【完】終わりのない明日を君の隣で見ていたい
不思議に思いながら玄関に駆けて、鍵を開ける。するとその途端ドアが開いて、なだれこむように大きな人影がわたしに向かって倒れてきた。
「えっ!?」
肩に寄り掛かってきたその人が先生だということに気づく。先生からはツンと鼻を刺すようなお酒の匂いがする。相当酔っているようだ。
「先生、ここ、わたしの部屋です……」
肩に正面からもたれかかったまま動かないでいる先生の体を小さく揺らしてみる。
「先生?」
応答はない。まさか眠ってしまったのだろうか。
このままでいるわけにもいかない。せめて布団で寝かせなければと、先生の肩を担いでリビングへ歩く。

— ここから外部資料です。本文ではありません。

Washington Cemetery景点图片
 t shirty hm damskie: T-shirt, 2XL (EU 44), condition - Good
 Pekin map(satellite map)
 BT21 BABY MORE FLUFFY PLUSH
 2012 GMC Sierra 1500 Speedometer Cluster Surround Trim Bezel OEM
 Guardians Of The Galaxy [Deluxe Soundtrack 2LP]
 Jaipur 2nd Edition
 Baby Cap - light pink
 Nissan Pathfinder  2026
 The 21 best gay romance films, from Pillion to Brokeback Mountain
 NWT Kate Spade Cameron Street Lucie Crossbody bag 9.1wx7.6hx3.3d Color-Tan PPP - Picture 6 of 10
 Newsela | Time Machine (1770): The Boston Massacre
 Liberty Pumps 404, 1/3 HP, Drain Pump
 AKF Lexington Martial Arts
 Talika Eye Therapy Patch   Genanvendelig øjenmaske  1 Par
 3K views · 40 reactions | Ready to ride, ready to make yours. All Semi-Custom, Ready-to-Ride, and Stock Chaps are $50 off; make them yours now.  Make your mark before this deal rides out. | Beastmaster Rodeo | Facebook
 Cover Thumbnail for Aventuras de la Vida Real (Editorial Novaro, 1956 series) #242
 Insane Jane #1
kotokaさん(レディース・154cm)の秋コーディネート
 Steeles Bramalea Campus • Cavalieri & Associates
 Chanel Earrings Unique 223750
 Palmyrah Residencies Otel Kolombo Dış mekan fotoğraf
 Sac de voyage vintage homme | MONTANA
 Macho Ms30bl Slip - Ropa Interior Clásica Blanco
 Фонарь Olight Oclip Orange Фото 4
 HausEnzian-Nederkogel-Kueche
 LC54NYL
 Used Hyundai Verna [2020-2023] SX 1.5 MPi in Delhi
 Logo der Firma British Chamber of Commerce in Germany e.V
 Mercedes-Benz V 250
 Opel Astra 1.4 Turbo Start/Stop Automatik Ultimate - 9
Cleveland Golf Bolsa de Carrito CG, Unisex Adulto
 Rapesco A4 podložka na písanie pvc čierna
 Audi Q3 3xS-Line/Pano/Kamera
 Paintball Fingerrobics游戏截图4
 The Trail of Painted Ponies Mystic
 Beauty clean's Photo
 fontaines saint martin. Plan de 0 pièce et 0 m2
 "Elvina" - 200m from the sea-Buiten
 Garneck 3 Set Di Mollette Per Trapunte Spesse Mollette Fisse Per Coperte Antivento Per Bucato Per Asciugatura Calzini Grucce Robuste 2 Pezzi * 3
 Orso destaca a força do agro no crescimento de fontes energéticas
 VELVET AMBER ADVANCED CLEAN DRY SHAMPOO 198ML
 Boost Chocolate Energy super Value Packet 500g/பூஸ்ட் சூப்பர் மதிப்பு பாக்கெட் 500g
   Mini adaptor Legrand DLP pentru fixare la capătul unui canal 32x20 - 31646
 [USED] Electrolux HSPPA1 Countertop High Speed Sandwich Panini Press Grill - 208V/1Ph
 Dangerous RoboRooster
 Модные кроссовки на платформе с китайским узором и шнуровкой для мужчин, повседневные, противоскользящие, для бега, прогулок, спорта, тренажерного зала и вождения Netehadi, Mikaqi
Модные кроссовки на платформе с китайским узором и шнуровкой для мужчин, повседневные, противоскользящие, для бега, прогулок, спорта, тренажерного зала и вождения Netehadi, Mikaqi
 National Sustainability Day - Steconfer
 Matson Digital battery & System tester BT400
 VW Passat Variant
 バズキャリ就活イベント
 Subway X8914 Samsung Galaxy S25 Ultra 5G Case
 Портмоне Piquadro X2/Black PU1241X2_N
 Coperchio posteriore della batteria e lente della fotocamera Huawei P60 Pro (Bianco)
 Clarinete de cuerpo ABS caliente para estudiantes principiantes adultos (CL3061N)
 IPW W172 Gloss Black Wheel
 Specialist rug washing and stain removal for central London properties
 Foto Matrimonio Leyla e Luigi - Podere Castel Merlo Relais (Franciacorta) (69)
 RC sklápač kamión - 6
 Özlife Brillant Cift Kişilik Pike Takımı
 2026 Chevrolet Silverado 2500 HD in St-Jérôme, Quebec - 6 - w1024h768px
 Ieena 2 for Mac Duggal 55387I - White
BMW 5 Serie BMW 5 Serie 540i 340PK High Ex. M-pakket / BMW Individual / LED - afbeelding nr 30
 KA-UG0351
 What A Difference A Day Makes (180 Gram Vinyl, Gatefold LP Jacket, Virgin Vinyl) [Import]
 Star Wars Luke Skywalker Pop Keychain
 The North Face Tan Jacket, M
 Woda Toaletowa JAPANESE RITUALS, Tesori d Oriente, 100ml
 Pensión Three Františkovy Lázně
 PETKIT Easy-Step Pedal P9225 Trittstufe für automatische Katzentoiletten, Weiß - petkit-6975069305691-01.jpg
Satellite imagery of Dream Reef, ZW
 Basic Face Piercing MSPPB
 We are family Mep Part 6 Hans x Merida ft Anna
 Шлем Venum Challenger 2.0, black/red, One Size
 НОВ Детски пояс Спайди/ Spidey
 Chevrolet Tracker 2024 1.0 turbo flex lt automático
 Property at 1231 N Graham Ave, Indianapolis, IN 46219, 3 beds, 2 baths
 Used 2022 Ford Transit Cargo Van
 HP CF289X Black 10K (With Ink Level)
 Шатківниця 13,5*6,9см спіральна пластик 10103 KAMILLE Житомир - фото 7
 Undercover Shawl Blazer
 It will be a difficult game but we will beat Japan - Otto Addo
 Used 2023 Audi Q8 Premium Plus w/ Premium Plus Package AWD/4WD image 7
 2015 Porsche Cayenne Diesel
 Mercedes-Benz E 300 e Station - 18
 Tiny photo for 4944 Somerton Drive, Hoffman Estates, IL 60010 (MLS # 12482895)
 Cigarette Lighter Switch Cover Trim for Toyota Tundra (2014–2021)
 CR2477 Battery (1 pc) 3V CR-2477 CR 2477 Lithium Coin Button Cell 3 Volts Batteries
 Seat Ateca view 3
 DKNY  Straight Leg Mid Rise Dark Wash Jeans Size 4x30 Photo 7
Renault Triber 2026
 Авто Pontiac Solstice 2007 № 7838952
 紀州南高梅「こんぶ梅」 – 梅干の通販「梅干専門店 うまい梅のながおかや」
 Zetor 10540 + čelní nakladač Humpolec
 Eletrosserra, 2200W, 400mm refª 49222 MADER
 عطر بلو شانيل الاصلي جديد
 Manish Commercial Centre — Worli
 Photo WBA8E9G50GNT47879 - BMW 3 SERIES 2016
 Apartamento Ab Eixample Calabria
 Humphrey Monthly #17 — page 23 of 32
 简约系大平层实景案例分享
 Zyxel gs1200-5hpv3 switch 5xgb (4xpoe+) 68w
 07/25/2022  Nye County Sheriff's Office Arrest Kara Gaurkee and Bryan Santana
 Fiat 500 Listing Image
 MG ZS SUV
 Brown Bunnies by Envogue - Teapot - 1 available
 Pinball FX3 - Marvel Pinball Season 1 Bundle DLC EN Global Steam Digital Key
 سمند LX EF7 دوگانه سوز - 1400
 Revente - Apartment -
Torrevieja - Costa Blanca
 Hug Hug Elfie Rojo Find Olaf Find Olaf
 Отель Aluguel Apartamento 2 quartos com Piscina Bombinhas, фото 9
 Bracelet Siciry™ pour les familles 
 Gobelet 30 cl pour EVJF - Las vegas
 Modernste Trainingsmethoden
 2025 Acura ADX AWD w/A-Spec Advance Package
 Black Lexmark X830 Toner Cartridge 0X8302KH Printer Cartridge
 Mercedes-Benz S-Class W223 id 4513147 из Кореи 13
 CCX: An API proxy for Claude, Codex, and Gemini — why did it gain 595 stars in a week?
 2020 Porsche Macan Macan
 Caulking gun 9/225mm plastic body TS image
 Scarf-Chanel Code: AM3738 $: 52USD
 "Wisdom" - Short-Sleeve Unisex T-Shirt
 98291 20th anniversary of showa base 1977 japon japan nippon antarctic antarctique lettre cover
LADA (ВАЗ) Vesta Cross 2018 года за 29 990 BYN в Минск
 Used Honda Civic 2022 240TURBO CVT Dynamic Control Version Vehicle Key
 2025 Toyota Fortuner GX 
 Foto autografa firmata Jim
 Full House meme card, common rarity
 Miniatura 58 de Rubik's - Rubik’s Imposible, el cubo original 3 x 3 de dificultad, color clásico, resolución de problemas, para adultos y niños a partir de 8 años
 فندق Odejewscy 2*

けれど、脱力しきった成人男性の体は、女子高生ひとりで簡単に動かせるほど軽くはない。やっとのことでうとうとする先生をソファーに座らせ、ジャケットを脱がせた頃には、すっかり汗だくになっていた。
ソファーにぐでんと寄りかかった状態の先生が、ようやく気づいたのかかすかに目を開く。
「先生、水飲みます?」
「ああ、のむ……」
酔った先生についきゅんとしそうになる自分をなんとか諫め、キッチンに水を取りに行く。